Juan
José Prieto Lárez
¡Ah¡ las tardes
asuntinas y su embrujo. Hace poco junto a unos amigos, luego de la ración
futbolística que ocupa al mundo entero, hablamos de cine. Su magia, su realismo
y ficción. Las preferencias cinéfilas realzaban la conversa, tanto, que fue
tornándose en un enterizo cuerpo filosofal, aunque no con músculos eruditos,
pero si con una anatomía sugerente de criterios válidos. El histrionismo
balsámico de sensuales actrices, el empalagamiento de actores rudos con sus
mentiras colosales, algunos duros de tragar. Por supuesto un salpicón de
erotismo, un contorno porno, y las maromas chinas que fueron la fiebre un
tiempo bastante prolongado, teníamos un menú apetecible.
Mientras, los más
jóvenes hacían alarde de las pretensiones técnicas en las inefables y
exuberantes salas de cine, donde las cotufas, refrescos, tequeños y un sinfín
de chucherías hacen su papel de extras a la perfección, creo que en futuro
estará nominado a un Oscar el mejor mostrador de los grandes centros
comerciales. Son un señuelo ineludible para un tráiler al paladar y al bolsillo
ya de por sí exiguo.
Hice un comentario
carente del rigor de un guion electrizante pero si conmovedor. Con un bolívar
de los antiguos en la puerta del cine La Asunción, de Félix Silva, uno se
compraba un pancito de leche, un vaso de cacao y un paquetico de maní o semilla
de merey, era el milagro de los domingos. El resto de la semana un banco de la
plaza de Bolívar era la mejor locación para un cortometraje de pendejadas de
muchachos. Pero además, agregué: “me cansé de ver películas sin ir al cine”.

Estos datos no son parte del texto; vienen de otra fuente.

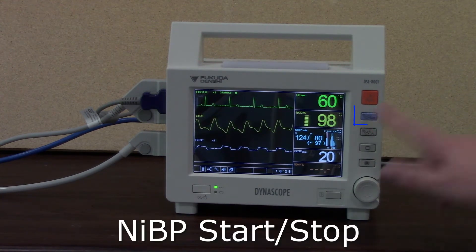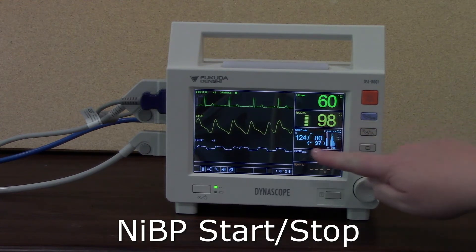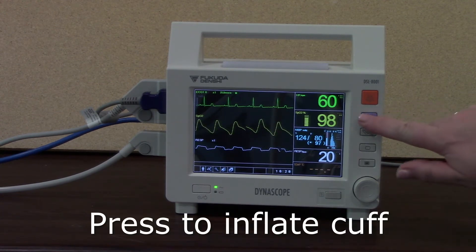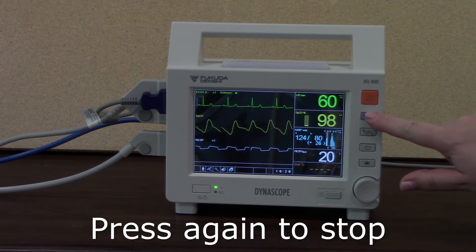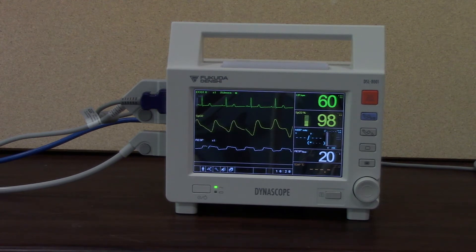Below that we've got our non-invasive blood pressure start-stop button. Here on the screen is where you'll find your non-invasive blood pressure measurement — the last measurement that was done. If I wanted to do another one, just press the go button. You'll hear the cuff inflating and see the cuff pressure rising. If I need to stop it halfway through, I can just press and stop that. So it's the non-invasive blood pressure start or stop button.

Claro, No me creyeron. Luego de las carcajadas que matizaron las habladurías
sobre el séptimo arte, les eché el cuento.
Un personaje asuntino,
Teclo y sus dos hijos Jorge y Juan iban todas las noches al cine a la función
de siete. Cuando había una cinta reservada para los adultos su horario era a
las nueve, cuando los menores estaban recogidos. A un cuarto de hora antes de
terminar la función repasaba los cartelones de las películas que esperaban
turno colgados en estricto orden de los días de la semana, todo por dar tiempo a
que saliera Teclo con sus muchachos. La ruta era la misma hacia su casa que
estaba subiendo hacia Buenos Aires, mucho antes de llegar al castillo Santa
Rosa. Al salir los escoltaba a pocos metros por el callejón al lado de mi casa.
Los tres no paraban de contarse entre ellos lo que recién habían visto, el
diálogo de los protagonistas eran secundario, lo que importaba era el porqué de
los coñazos, los tiros, cómo había quedado el muchacho después de la trifulca
en la cantina, y el inmenso corazón de la bailarina que prefirió irse con él
dejando atrás ese infierno de Laredo.
Mi mamá al ver pasar a
los tres contadores de historias sabía que yo venía cerquita, entonces con
cierta ironía me decía: ¡coño! hoy si hubo tiros en esa película. Después de
muchos años aun caigo en la confusión si de verdad vi tal película o la escuché
de Teclo y sus muchachos. En todo caso me ahorré un montón.